The Easel

28th October 2025

Dismantled or Not, Confederate Monuments Still Have Power. This New Landmark Exhibition Grapples With It.

Public statues that celebrate Confederacy leaders and white supremacist values have recently been removed in some US cities. A selection has gone on display in Los Angeles. Once placed at eye level in an art space, their “malignancy dissolves” and their scale “feels goofy and graceless”. The curator admits “it’s a very strange show … [decontextualising] takes away some of that power to harm”. Another writer calls it “thrilling … Nothing like it has ever been done before.”

5 Things to Know about the Friendship of Manet and Morisot

So, were the 19th century artists Manet and Morisot romantically linked? Probably not, although he painted her many times, they collected each other’s works and there is some suggestive correspondence. More consequentially, Morisot was far more than Manet’s student or muse. She embraced Impressionism early; later, his style also loosened.  She followed his idea of figures on a balcony while his work of a woman before a mirror closely resembled hers. Perhaps, says a writer, the key dynamic was “mutual regard”.

21st October 2025

Renoir’s drawings showcased in major exhibition, the first of its kind in over a century

Berthe Morisot thought Renoir’s drawings were great, but Gauguin was less enthused. The difference might be because Renoir had a casual view of his drawings. Some were preparatory studies for a painting but others were spontaneous and more finished. They profile his evolution, from early drawings that show his “rigorous academic training “ to subsequent “brisk on-the-spot” sketches and finally softer, more intimate works.  A “distinguished collection” says one writer. A detailed view of ten drawings is here.
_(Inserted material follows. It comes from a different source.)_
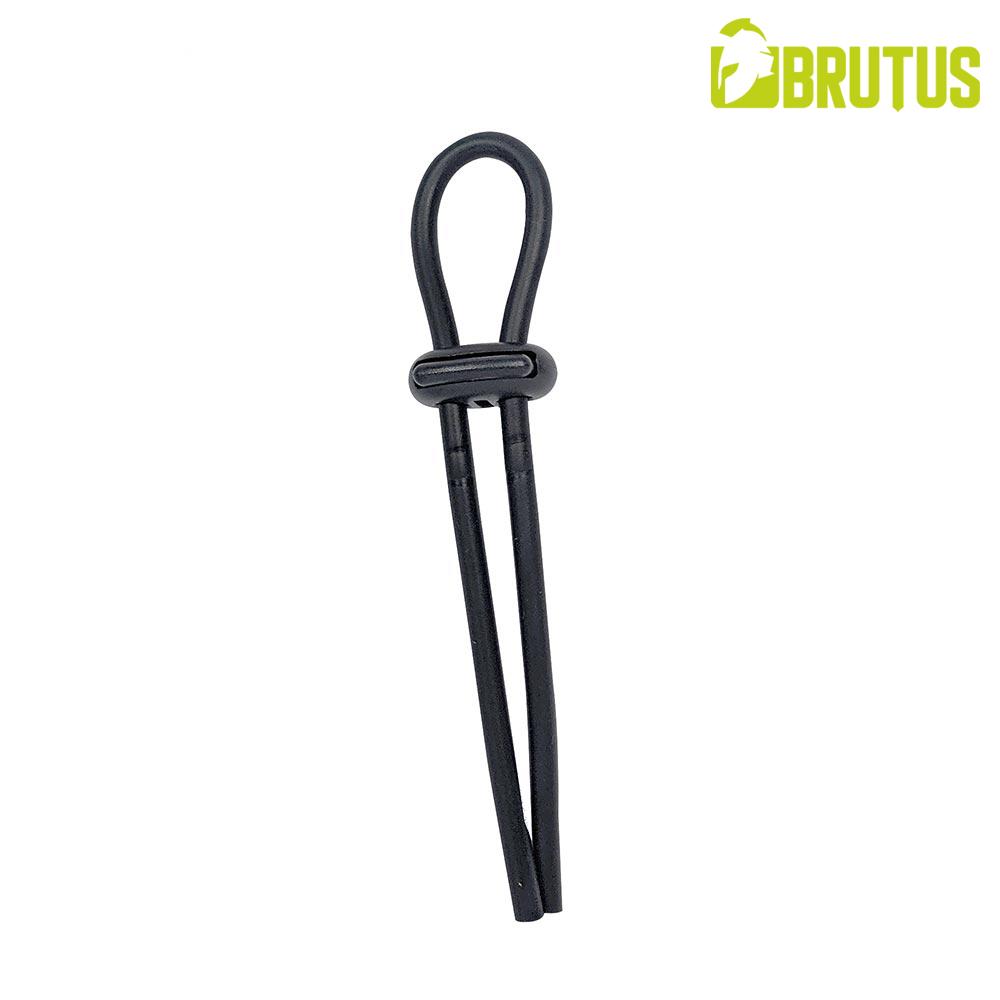 BRUTUS Tight 'N' Hard - Adjustable Silicone Cockstrap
New York’s Biggest Monet Show in 25 Years Is a Revelation

Brooklyn Museum has been castigated for its superficial exhibitions. A show of Monet’s paintings from a reluctant visit to Venice in 1908 gets a more positive reception. Monet, noticing the changing autumnal weather and shifted “closer to abstraction”. The real consequence of that was evident when, on returning to France, he resumed work on the Water Lilies series he had been unable to finish. Feeling renewed, his lilies became swirls of pink and red paint, ever “farther from legible figuration”. Critics were delighted.